**About this exercise**.
Apart from the pictures, every line below needs to be reproduced verbatim.

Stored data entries
══════════

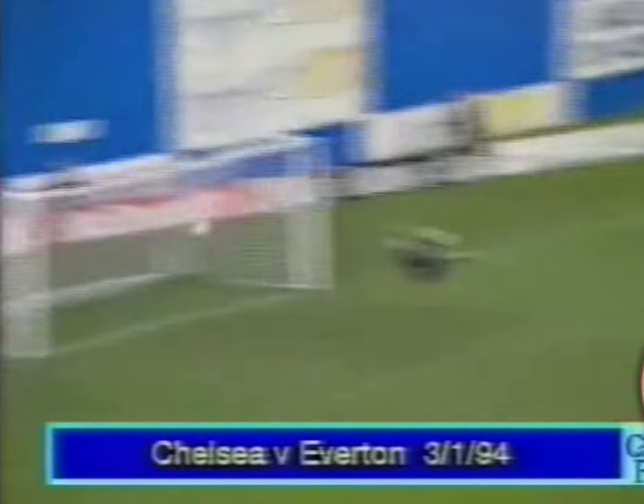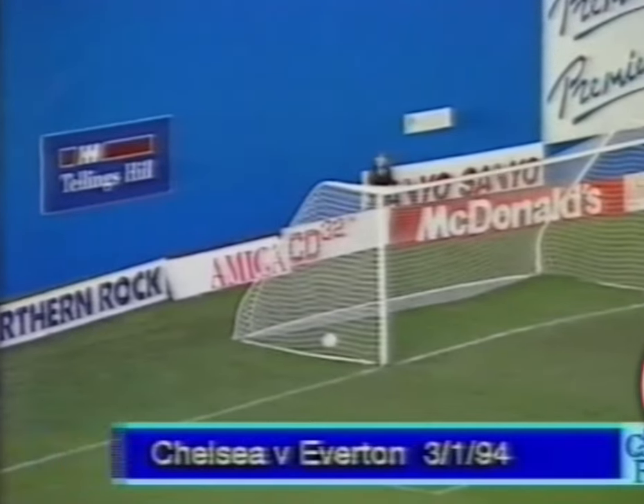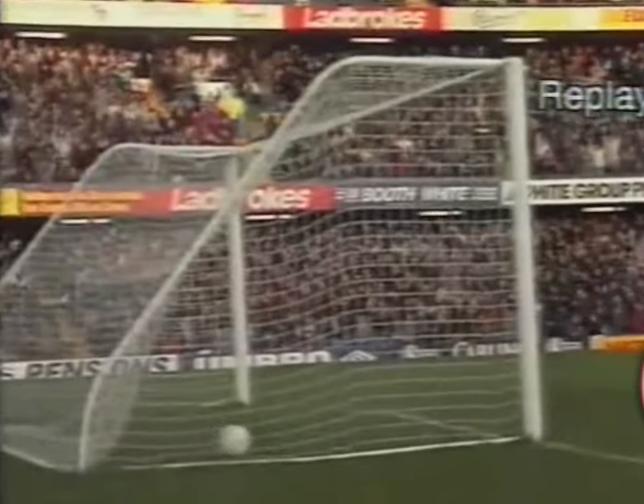Burley arrived to help and he likes to dig. What a magnificent strike from Craig Burley — here it is again. It's not the first from outside the box from him this season.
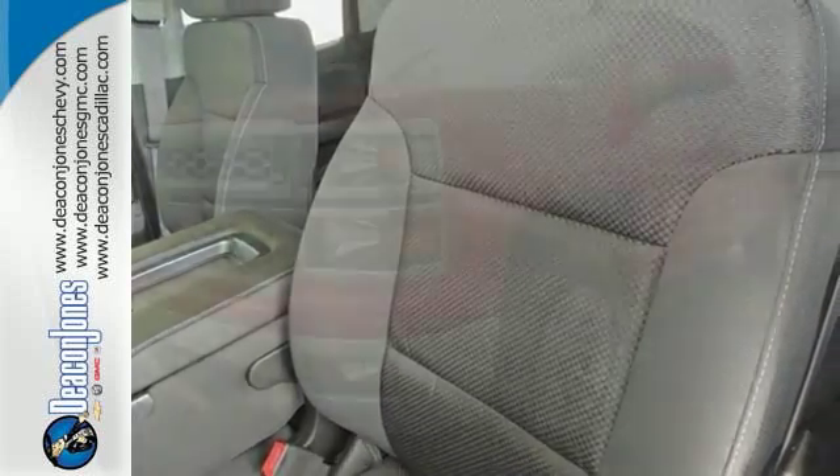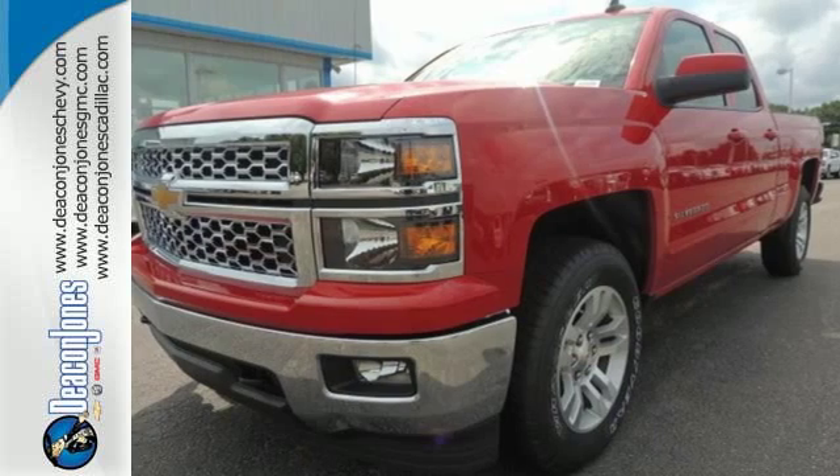Inside you'll find a quiet, comfortable, and secure cabin. It'll help you get the job done, time and time again. Check it out today.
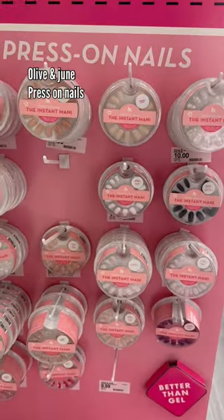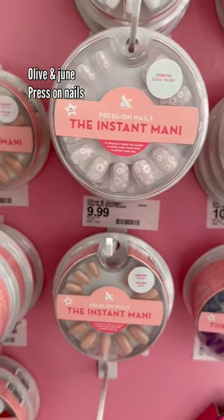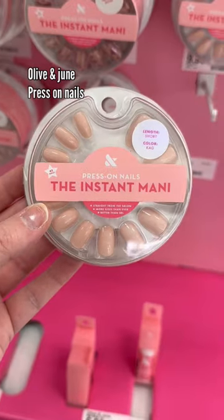Next up, if you are looking for press-on nails, these are the strongest, longest-lasting press-on nails I've tried. These are the Olive and June. They have so many cute styles, and it's ironic right now because I'm giving my nails a break, but I'm telling you, these last so nicely.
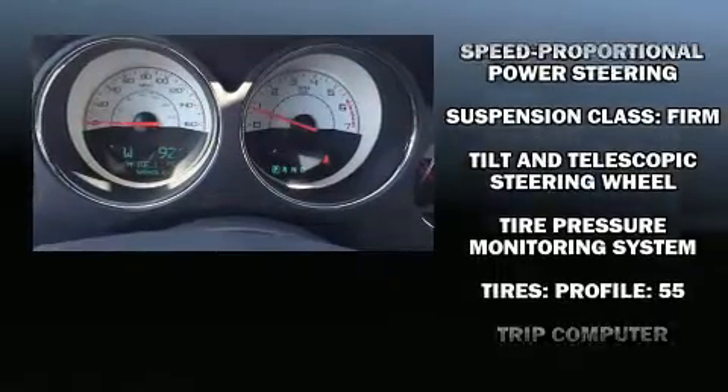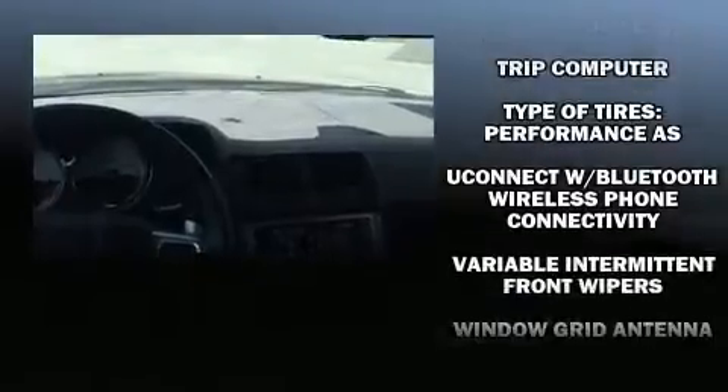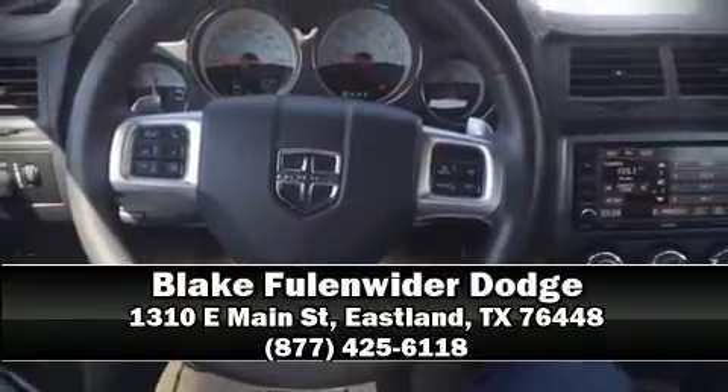Electronic stability control stands out as a technologically savvy innovation, keeping you better connected to the road. Our experienced sales staff is eager to share their knowledge and enthusiasm with you — we are here to help.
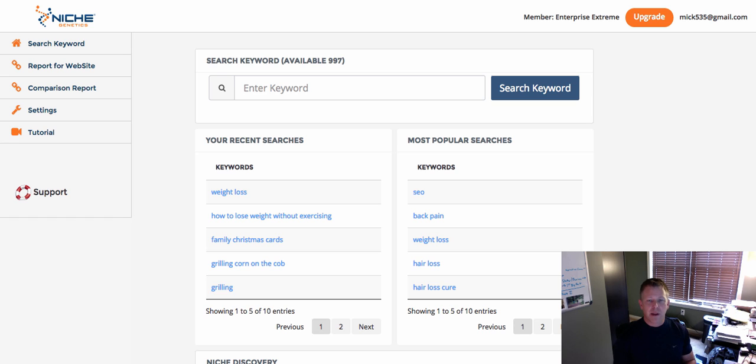Let me show you real quick what I mean. We're inside NIST Genetics and I'm in the Enterprise Extreme version, which is the version you get from the upsell. With that you can do reports for agency-type stuff — if you want to give reports to clients, print them out, and use that as reporting for clients. You also get a massive amount of keyword searches per day — you get a thousand keyword searches per day, and I've been playing with it for a couple of days and haven't even come close to touching that.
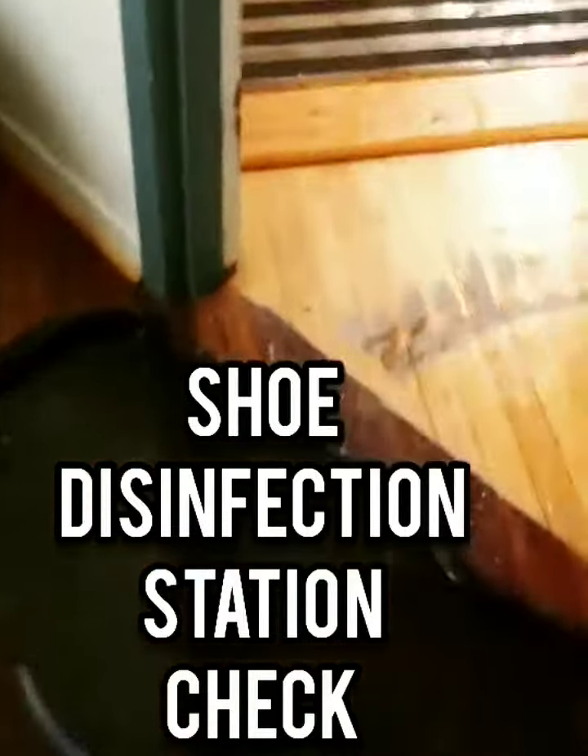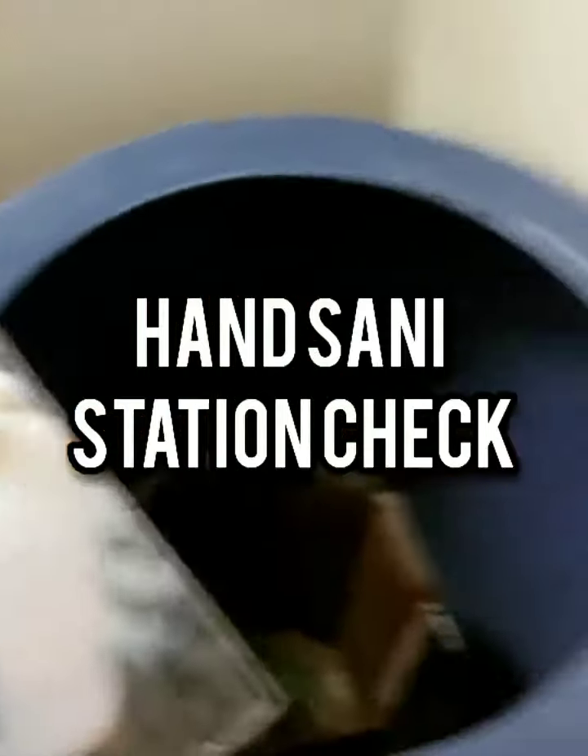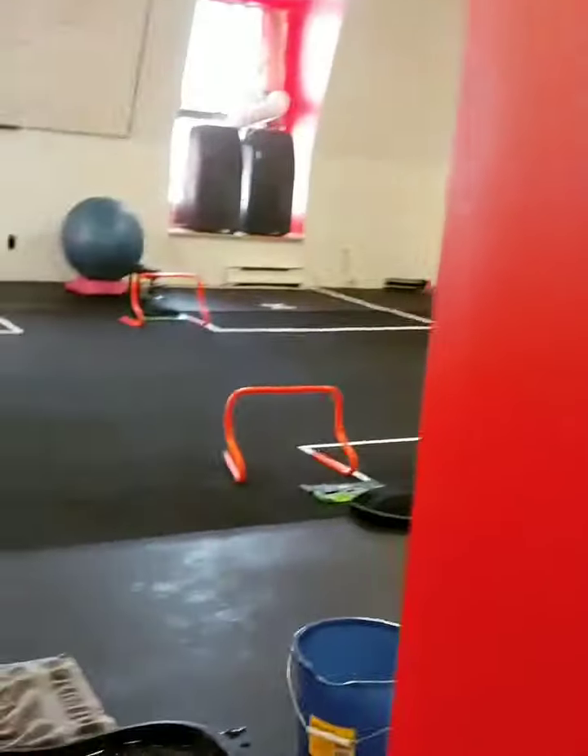Then we go over here — this is a disinfecting solution. So we're just actually going to do a real test run here. Put the shoes in the disinfection solution. Hand sanitizer — sanitize the hands. Don't have to touch the door, door's already open, walk in.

══════════

**Result of the exercise**.
Burley arrived to help and he likes to dig. What a magnificent strike from Craig Burley — here it is again. It's not the first from outside the box from him this season.
Inside you'll find a quiet, comfortable, and secure cabin. It'll help you get the job done, time and time again. Check it out today.
Next up, if you are looking for press-on nails, these are the strongest, longest-lasting press-on nails I've tried. These are the Olive and June. They have so many cute styles, and it's ironic right now because I'm giving my nails a break, but I'm telling you, these last so nicely.
Electronic stability control stands out as a technologically savvy innovation, keeping you better connected to the road. Our experienced sales staff is eager to share their knowledge and enthusiasm with you — we are here to help.
Let me show you real quick what I mean. We're inside NIST Genetics and I'm in the Enterprise Extreme version, which is the version you get from the upsell. With that you can do reports for agency-type stuff — if you want to give reports to clients, print them out, and use that as reporting for clients. You also get a massive amount of keyword searches per day — you get a thousand keyword searches per day, and I've been playing with it for a couple of days and haven't even come close to touching that.
Then we go over here — this is a disinfecting solution. So we're just actually going to do a real test run here. Put the shoes in the disinfection solution. Hand sanitizer — sanitize the hands. Don't have to touch the door, door's already open, walk in.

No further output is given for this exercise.